Prices for most commodities, including oil, are forecast to rise in 2017 as a long period of declining prices appears to be bottoming out, according to the October Commodities Markets Outlook.
Oil prices are forecast to rise to $55 per barrel next year from $43 per barrel in 2016 as markets readjust after an era of abundant supply that outpaced demand. Energy prices, which also include coal and natural gas, are forecast to jump 24 percent in the coming year. The decision in September of the Organization of the Petroleum Exporting Countries (OPEC) to resume limiting oil production is another important factor behind the higher price forecast.
When OPEC members announced that they would aim to cap production at around 33 million barrels of oil per day, it signaled the potential end to two years of unrestrained production. Oil prices had fallen as low as below $30 per barrel during that period. Details of the plan, which does not include important producers Iran, Libya and Nigeria, have yet to be worked out and are due to be announced in November, but markets have begun to anticipate a return to higher prices.

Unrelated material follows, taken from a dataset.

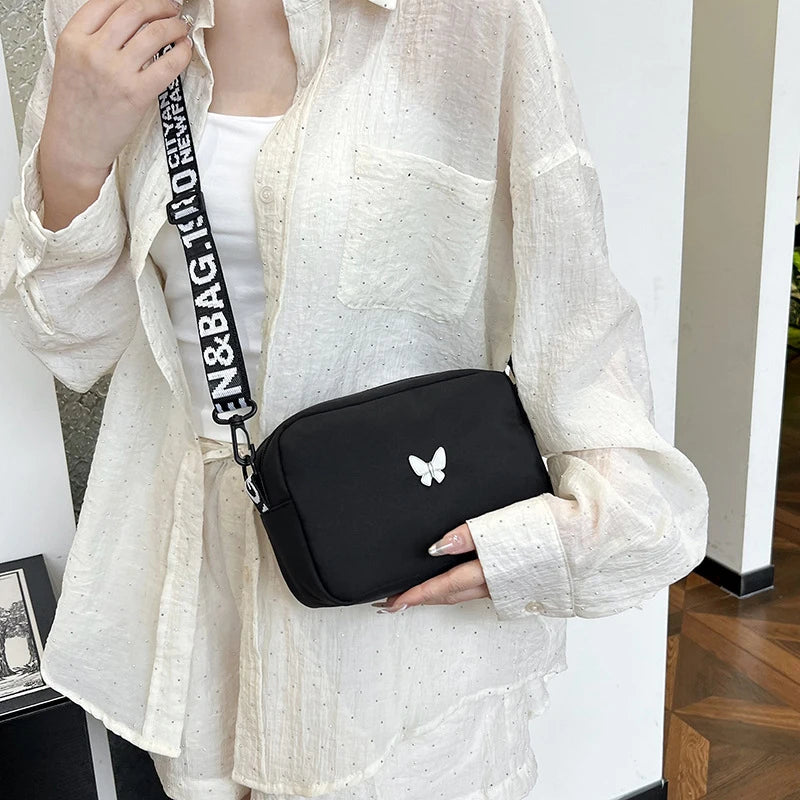Black&white Shoulder Bag Durable Butterly Nylon Crossbody Bag Wide Belt Crossbody Bag Casual Small Sqaure Bag For Women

Metals prices are projected to rise more sharply than expected in 2017, in the last forecast in July, as a result of rapid mine closures ahead of schedule. However, a further growth slowdown in China could weigh on metals prices. Metals fell 9 percent this year.
Food prices are forecast to rise modestly as a decline in grains prices is expected to offset a rise in prices for other food commodities. Larger than expected increases in energy prices, a key cost component in agriculture, could push food prices even higher than forecast. The risks of disruption from the La Niña weather pattern have diminished.
Precious metals prices are expected to fall in 2017 as appetite for safe-haven buying ebbs with rising interest rates. Gold is expected to dip to $1,219 an ounce from $1,250 an ounce this year.
Commodity-exporting emerging market and developing economies have been particularly hard hit by the rout in commodities prices, and the World Bank has projected growth in these economies to be near zero this year. A recovery in prices, however modest, could point to brighter growth prospects.